Guatemala, drugs, and corruption

Last week, the official drug czar of Guatemala as well as the chief of national police were arrested for allegedly leading a police ring that stole cocaine from drug traffickers. Now that is deep-rooted corruption.

Guatemala is caught in a vicious cycle. On one side, the police and security forces have become involved in organized crime and other corrupt activities. On the other, such activities are not stopped because law enforcement itself is involved. Thus corrupt acts occur with impunity, leading to further acts, and the cycle continues. Moreover, in a poor country, many may feel that corruption is their best option.

And if there is failure of the rule of law near a major consumer market, there are likely to be drugs. Crackdowns in neighboring Mexico have pushed activity south, and Guatemala has become a major transit country between producers like Colombia and users in the United States. One Guatemalan once told me of traffickers paying poor farmers to allow planes to land in their fields. The farmer is given a package, and then hands it off to another plane later on. Such simple work can earn the farmer tens of thousands of dollars or more. Alternative sources of income seem laughable in comparison.

In addition to the officials just arrested, Guatemala has seen a string of high-level arrests, including the drug czar in 2005 caught on tape bribing a U.S. Drug Enforcement Agency official in exchange for protecting U.S.-bound drug shipments. Thus, it appears that Guatemalan officials are using their positions to protect the drug trade in exchange for presumably generous personal benefit.

Feasible solutions are scarce. As one Guatemalan editorial pointed out, purged security forces merely find work in other dishonorable activities: kidnapping, extortion, assault. The author argues that the police are seriously undermined by the penchant in Guatemala to create parallel security bodies who act with impunity in face of the country’s rampant crime. Thus the cycle is fed further: corrupt police lead to more crime which leads to the hiring of private security organizations who commit still greater offenses.

Given the United States’s long-standing interest in reducing the flow of drugs to this country, Secretary of State Clinton has naturally given her attention to Guatemala. She visited last week, admitting that the United States demand is part of the problem and promising help in the form that Central American leaders themselves favor.

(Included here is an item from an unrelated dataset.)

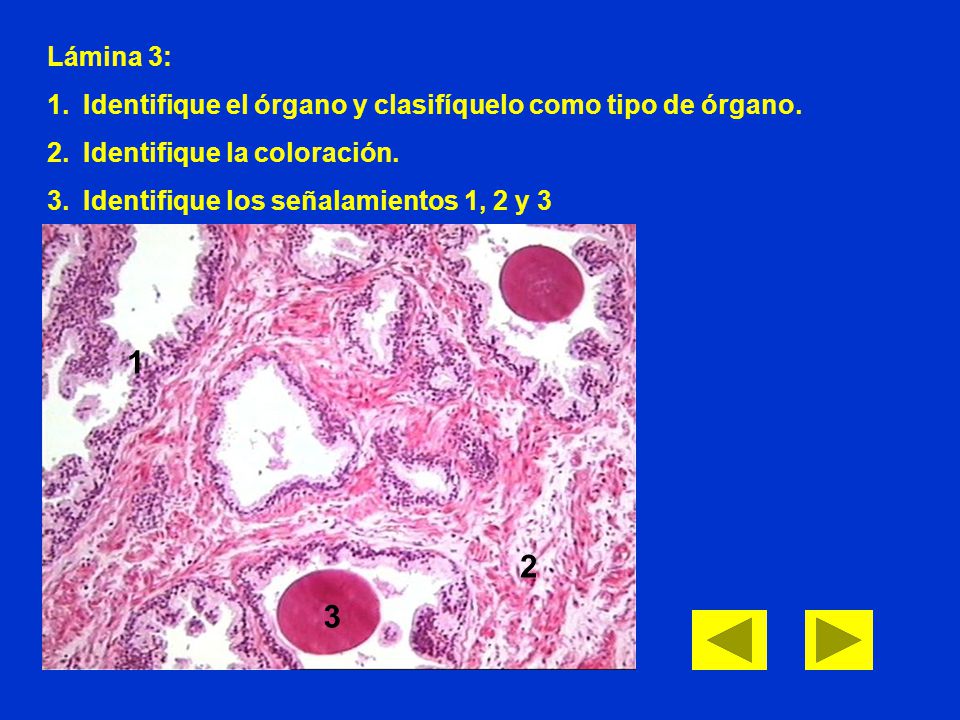 Lámina 3: Identifique el órgano y clasifíquelo como tipo de órgano. Identifique la coloración. Identifique los señalamientos 1, 2 y 3.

As long as drugs remain as profitable as they are, the drug supply chain will always find a place to operate. But Guatemala has become an especially hospitable environment. Cleaning up this struggling country will require simultaneous efforts to change the culture, the practice, and the incentives. Secretary Clinton should be prepared – as should her successors, in what will likely be a long battle. But if a multi-pronged attack is successful, the stability and security it could create for the Guatemalan people will be priceless.